──────── DATASET ENTRIES ────────

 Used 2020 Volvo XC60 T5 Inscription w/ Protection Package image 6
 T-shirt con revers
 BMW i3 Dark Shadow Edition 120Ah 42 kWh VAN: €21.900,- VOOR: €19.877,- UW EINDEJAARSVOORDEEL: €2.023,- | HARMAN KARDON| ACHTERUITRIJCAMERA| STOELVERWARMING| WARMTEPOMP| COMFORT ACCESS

────────
──────── DATASET ENTRIES ────────

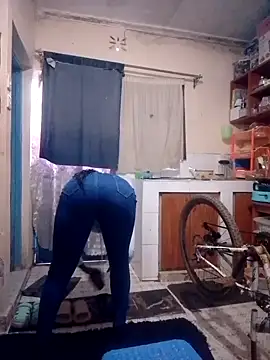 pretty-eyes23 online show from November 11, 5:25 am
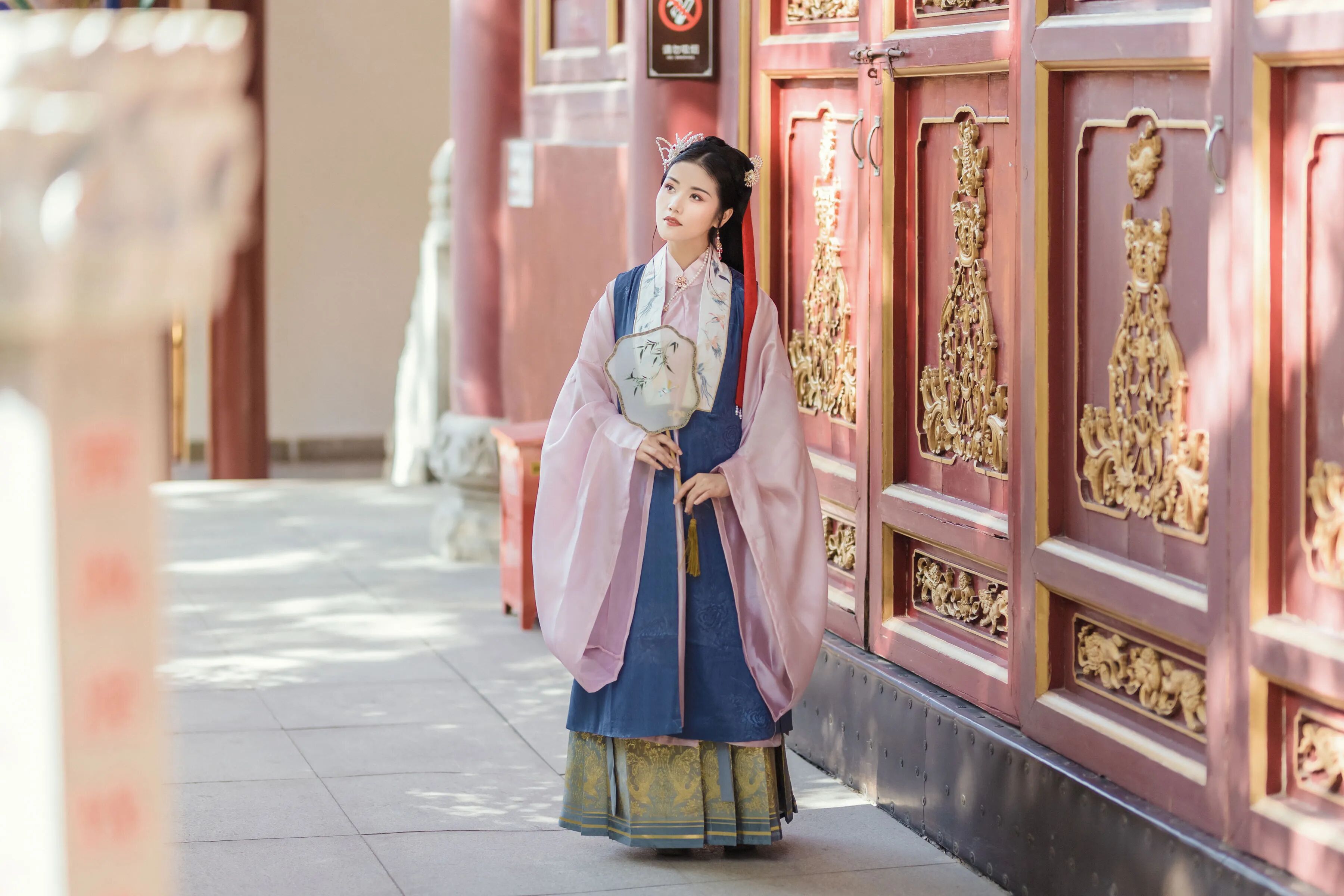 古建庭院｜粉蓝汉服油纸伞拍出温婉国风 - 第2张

────────

→ DIRECTIONS FOR THIS TASK:
Produce a word-for-word copy of everything above from the line holding "Used 2020 Volvo" down to the line holding "BMW i3 Dark", with both of those lines kept.

→ YOUR SOLUTION:
 Used 2020 Volvo XC60 T5 Inscription w/ Protection Package image 6
 T-shirt con revers
 BMW i3 Dark Shadow Edition 120Ah 42 kWh VAN: €21.900,- VOOR: €19.877,- UW EINDEJAARSVOORDEEL: €2.023,- | HARMAN KARDON| ACHTERUITRIJCAMERA| STOELVERWARMING| WARMTEPOMP| COMFORT ACCESS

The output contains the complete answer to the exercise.